▶ [HOW TO COMPLETE THIS TASK]: Once you find the line with "Luminaires Brilliant Éclairage" in the entries below, print it and each line after it up to and including the line with "Çocuklar için matematik", exactly, without pictures.

*** GIVEN INFORMATION Section Begins ***

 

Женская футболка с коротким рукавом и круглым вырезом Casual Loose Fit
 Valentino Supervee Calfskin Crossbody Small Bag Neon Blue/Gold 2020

*** GIVEN INFORMATION Section Ends ***
*** GIVEN INFORMATION Section Begins ***

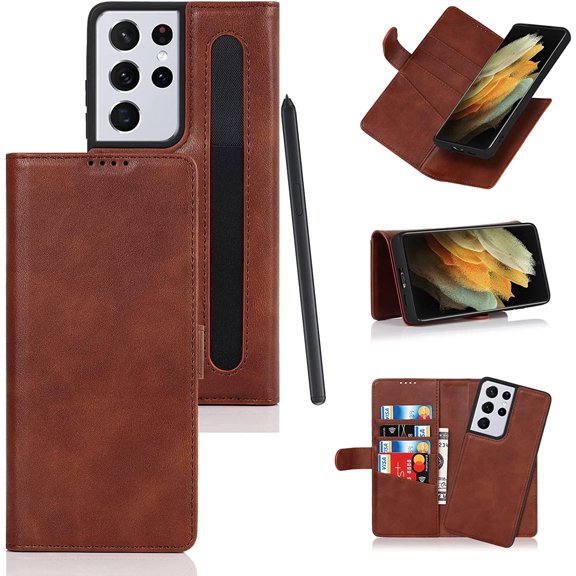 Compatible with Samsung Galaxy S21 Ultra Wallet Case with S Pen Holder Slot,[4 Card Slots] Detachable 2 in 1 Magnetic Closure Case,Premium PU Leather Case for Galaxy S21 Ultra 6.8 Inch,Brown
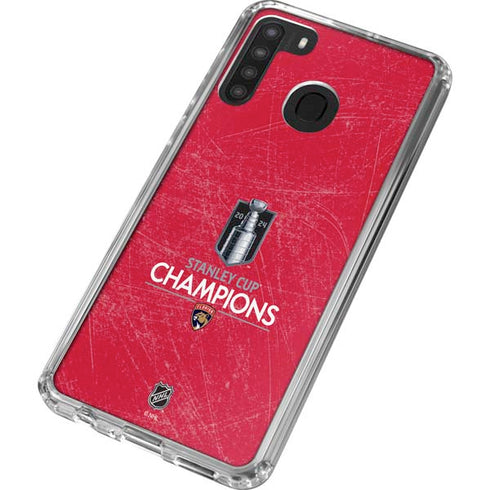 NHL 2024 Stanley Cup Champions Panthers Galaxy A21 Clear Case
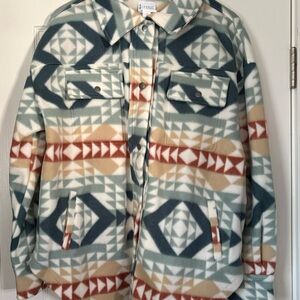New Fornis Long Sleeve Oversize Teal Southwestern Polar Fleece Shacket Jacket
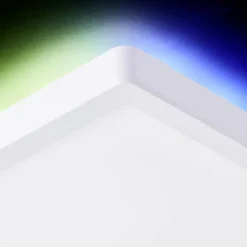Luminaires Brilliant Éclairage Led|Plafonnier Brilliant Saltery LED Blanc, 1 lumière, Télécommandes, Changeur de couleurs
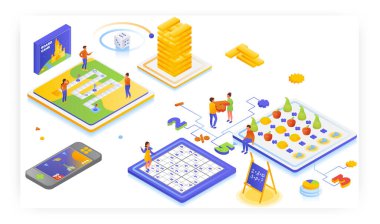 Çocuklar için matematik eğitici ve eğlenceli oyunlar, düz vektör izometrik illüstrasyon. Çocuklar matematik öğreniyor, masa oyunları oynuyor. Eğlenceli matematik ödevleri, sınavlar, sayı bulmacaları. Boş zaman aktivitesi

*** GIVEN INFORMATION Section Ends ***
*** GIVEN INFORMATION Section Begins ***

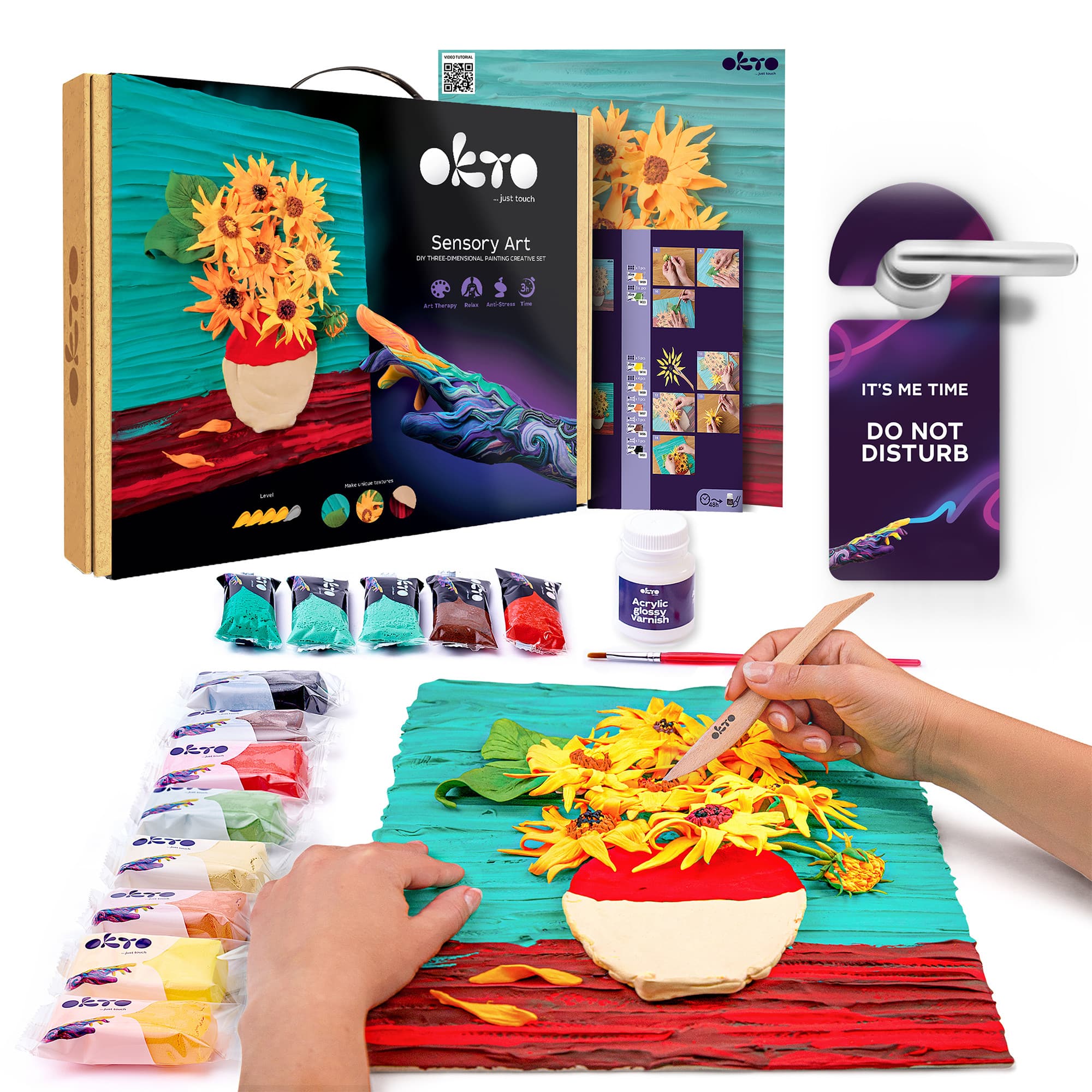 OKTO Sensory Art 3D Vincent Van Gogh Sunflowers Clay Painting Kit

*** GIVEN INFORMATION Section Ends ***

▶ [RESPONSE AREA]:
Luminaires Brilliant Éclairage Led|Plafonnier Brilliant Saltery LED Blanc, 1 lumière, Télécommandes, Changeur de couleurs
 Çocuklar için matematik eğitici ve eğlenceli oyunlar, düz vektör izometrik illüstrasyon. Çocuklar matematik öğreniyor, masa oyunları oynuyor. Eğlenceli matematik ödevleri, sınavlar, sayı bulmacaları. Boş zaman aktivitesi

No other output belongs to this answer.